• [Task]:
Using only the entries below, output the lines starting at the one containing "Photo - 207 Cherokee Dr" and ending at the one containing "Maison 10 pièces", exactly and inclusive of both, omitting the pictures.

• [Provided data]:

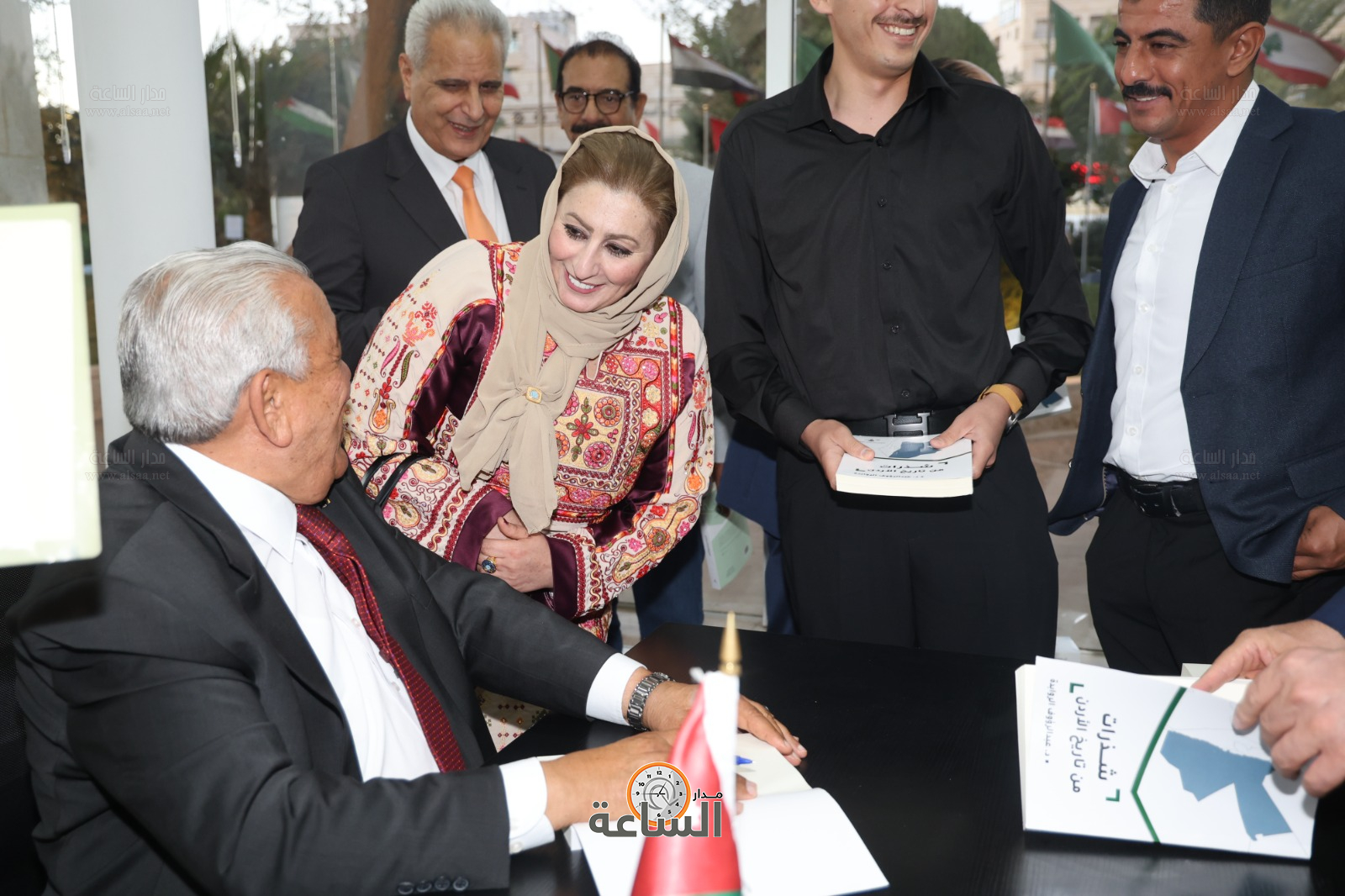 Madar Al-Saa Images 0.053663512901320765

...

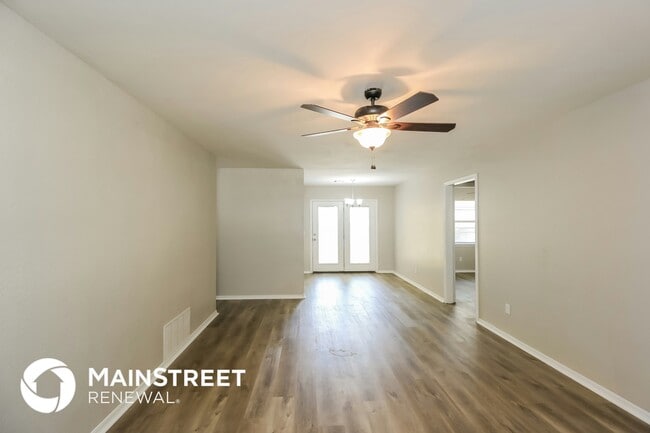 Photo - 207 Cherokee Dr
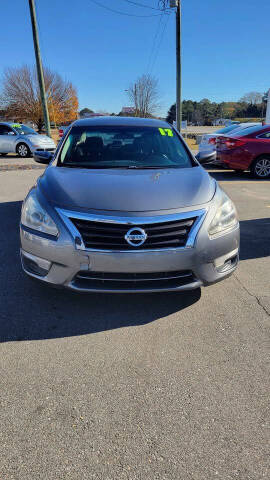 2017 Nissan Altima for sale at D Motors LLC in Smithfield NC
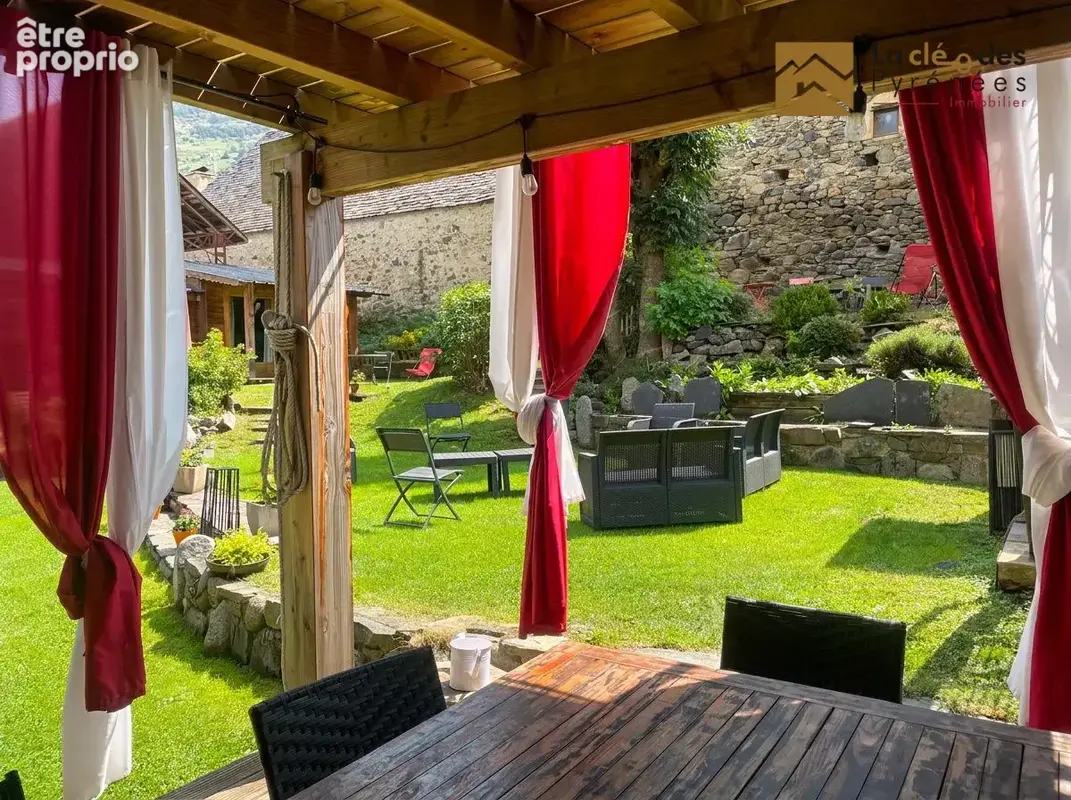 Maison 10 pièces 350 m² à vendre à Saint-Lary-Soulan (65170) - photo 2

* * *

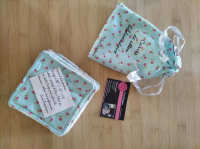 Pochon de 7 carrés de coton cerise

• [Exercise output]:
 Photo - 207 Cherokee Dr
 2017 Nissan Altima for sale at D Motors LLC in Smithfield NC
 Maison 10 pièces 350 m² à vendre à Saint-Lary-Soulan (65170) - photo 2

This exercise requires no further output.